Google says these snippets technically aren’t linked to your account, but is that really cause for comfort? Jeremy Gillula, tech projects director at the Electronic Frontier Foundation told us he was “dismayed” by the language in Google’s blog post regarding account association with user audio recordings. Google’s statement that “Audio snippets are not associated with user accounts as part of the review process,” according to Gillula, is not the same thing as saying “once an audio “snippet is sent to the review process, it can never be re-associated with that user’s account.

Gillula says: “Google could design their system so that once a snippet gets selected for review, it’s impossible to re-associate with a user account, but they haven’t said that they’ve done that. So I think it’s entirely possible that in the future, Google could decide that their annotators should watch for signs of distress that can be reported to authorities, regardless of any legal obligations.”
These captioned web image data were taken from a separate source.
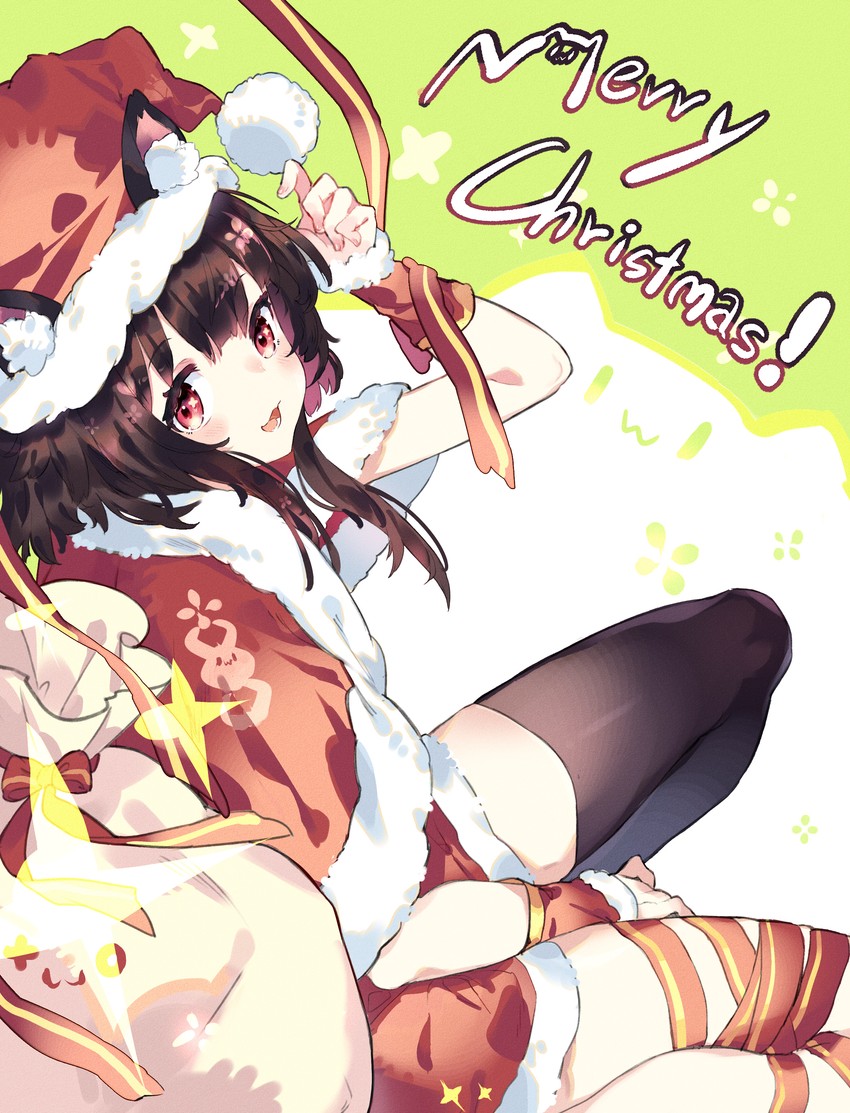 megumin (kono subarashii sekai ni shukufuku wo!) drawn by linz930
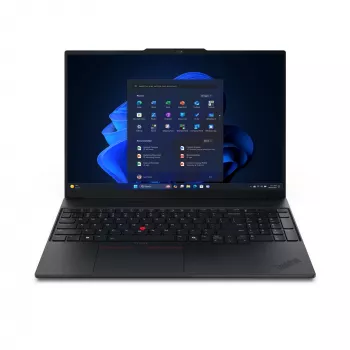 Lenovo ThinkPad E16 Gen 3 (AMD) 21ST005FMX laptop, 16 inch WUXGA IPS, AMD Ryzen 7 250, 16GB DDR5, 512GB SSD, Windows 11 Pro, nordic toetsenbord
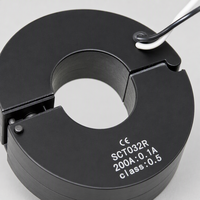 Transformador de Corriente Toroidal de Núcleo Dividido de Alta Precisión Clase 0.5 Tipo Abierto CT para Medición de Energía de Precisión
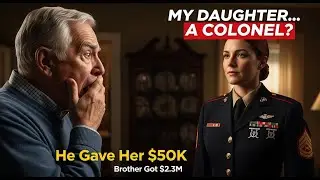 When Dad Locked Me Out Of His Gun Cabinet, I Said Nothing. Then His Friend Called Me 'Colonel
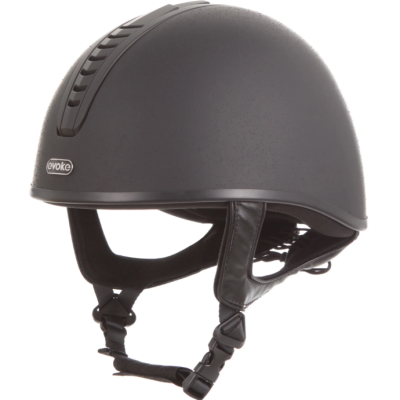 Image of Evoke Orion JS4K Jockey Skull Black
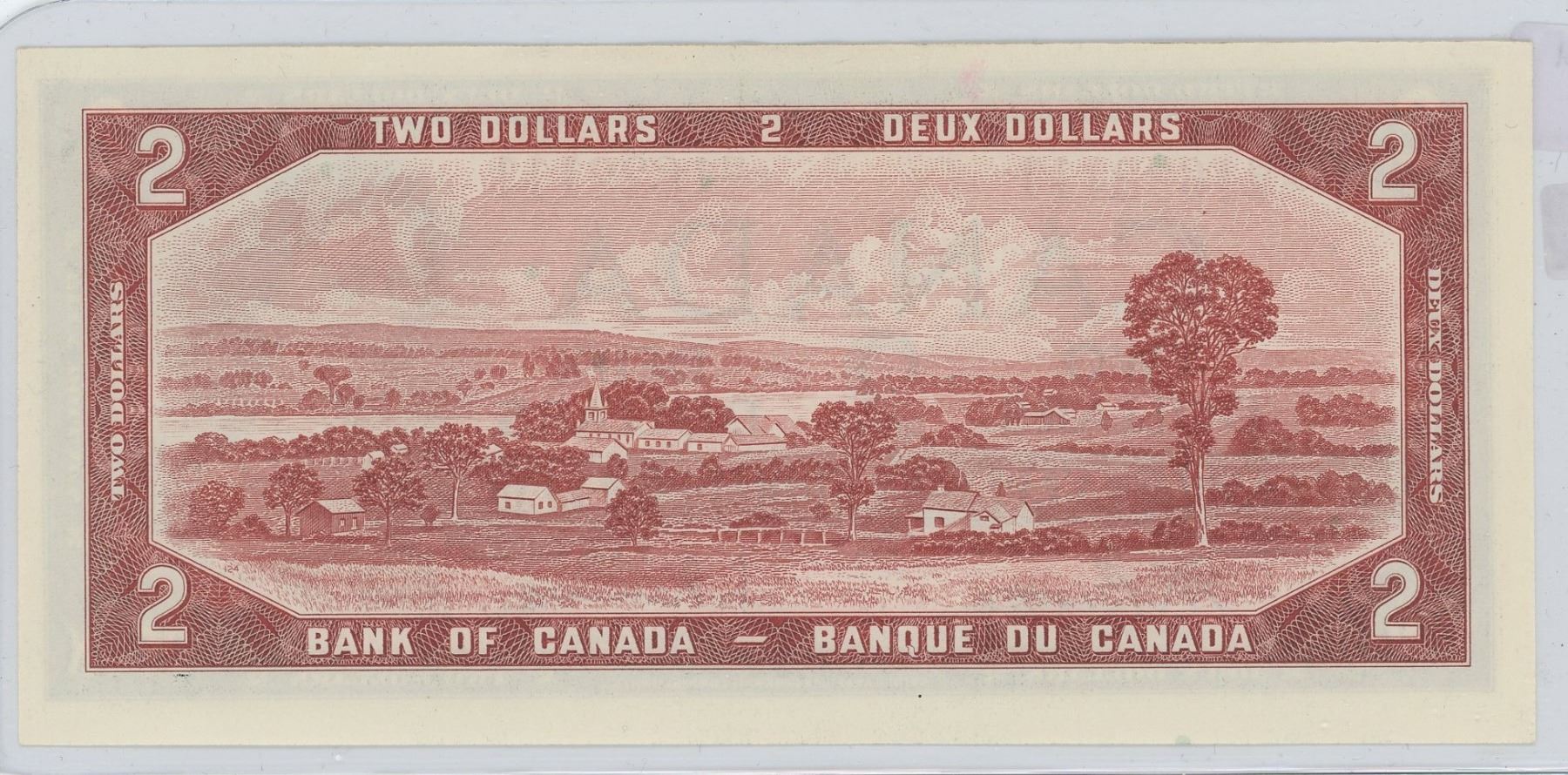 1954 Canadian $2 bill - Schmalz Auctions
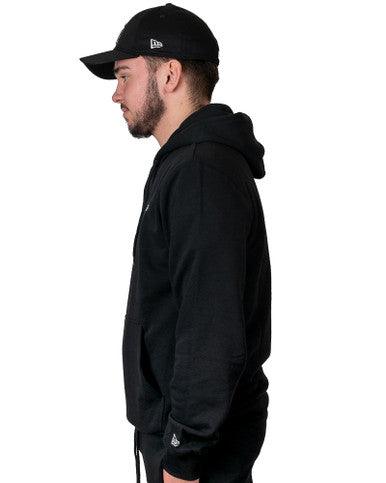 Hoodie Essential Flag Noir New Era - Cashville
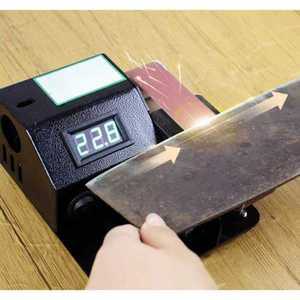 전동 칼갈이 수냉식 그라인더 연마기 가위 숫돌 회전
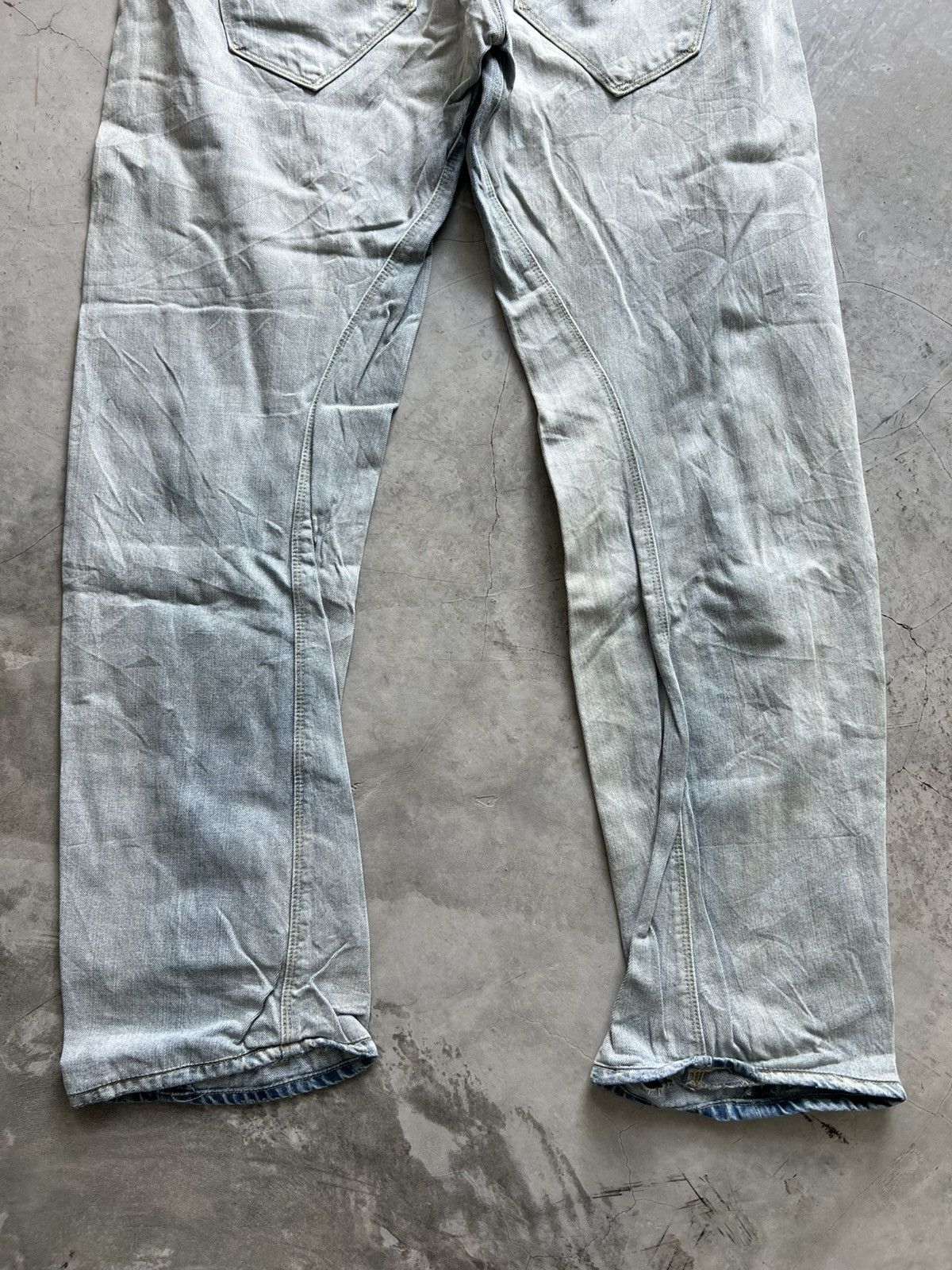 Levi's Levis Engineered Jeans Buckle Back Tag W33 Actual 34x32.5 Size US 33 - 7 Thumbnail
Voice Assistants Walk a Thin Line Between Security and Privacy

By inviting a voice assistant into your home and allowing it to serve as the central command center for your home security system, you’re probably aware that you’re relinquishing personal data. But this might not totally stop you from buying big tech’s cameras, sensors, and other security devices. In fact, a survey done by Consumers International and the Internet Society shows that 75% of respondents don’t trust the way these companies share their information, despite the fact that nearly 70% also own said devices.

This might be a classic case of the privacy paradox. But it might also be a mere byproduct of a growing aversion to other options — options that may not provide as much user freedom. For example, Google Nest provides an element of more user autonomy in home security — it’s free of contracts, installation fees, and murky pricing and product displays. Trends in DIY home security suggest that consumers enjoy those freedoms: Nearly 60% of U.S. households with intentions to purchase a security system want to monitor themselves and through their mobile phones, and 52% look to install systems themselves, according to Parks Associates.

Big data, weak disclosures

By opting for a home security company with a business model that fuels its fire from your personal data, you might be forgoing lengthy, expensive contracts in the process. Transparency regarding your data, according to some of the experts we consulted, might be the cost. “Certainly, the incentives for disclosures are pretty weak,” Gillula told us.

Google says the Assistant “stores data about your interactions with the Google Assistant on its servers, which reside in its data centers.” This information could include when you wake up and go to bed, when you turn off the lights, or lock the doors at night, all tracked through voice assistant queries. What’s not as well known, however, are the specific instances that trigger human transcription on Google’s end, how that information is transcribed, and how long Google keeps it.

“In terms of transparency, Google (and Amazon and any other home assistant which makes use of human annotators) should make it explicitly clear in their advertising and in the product packaging that as part of this service, Google employees or contractors may review audio recorded by the device. Anything less than that is being dishonest with their users,” Gillula said.

“OK Google” may not be the only trigger.

VRT NWS said of the 1,000 leaked excerpts it listened to, 153 were of “conversations that should never have been recorded and during which the command ‘Okay Google’ was clearly not given.” Google did not respond to our inquiries for this particular story, but David Monsees, project manager of search at Google, posted a statement on The Keyword regarding the topic. Monsees called the leak a violation of Google’s “data security policies” and that the company is “conducting a full review of our safeguards in this space to prevent misconduct like this from happening again.”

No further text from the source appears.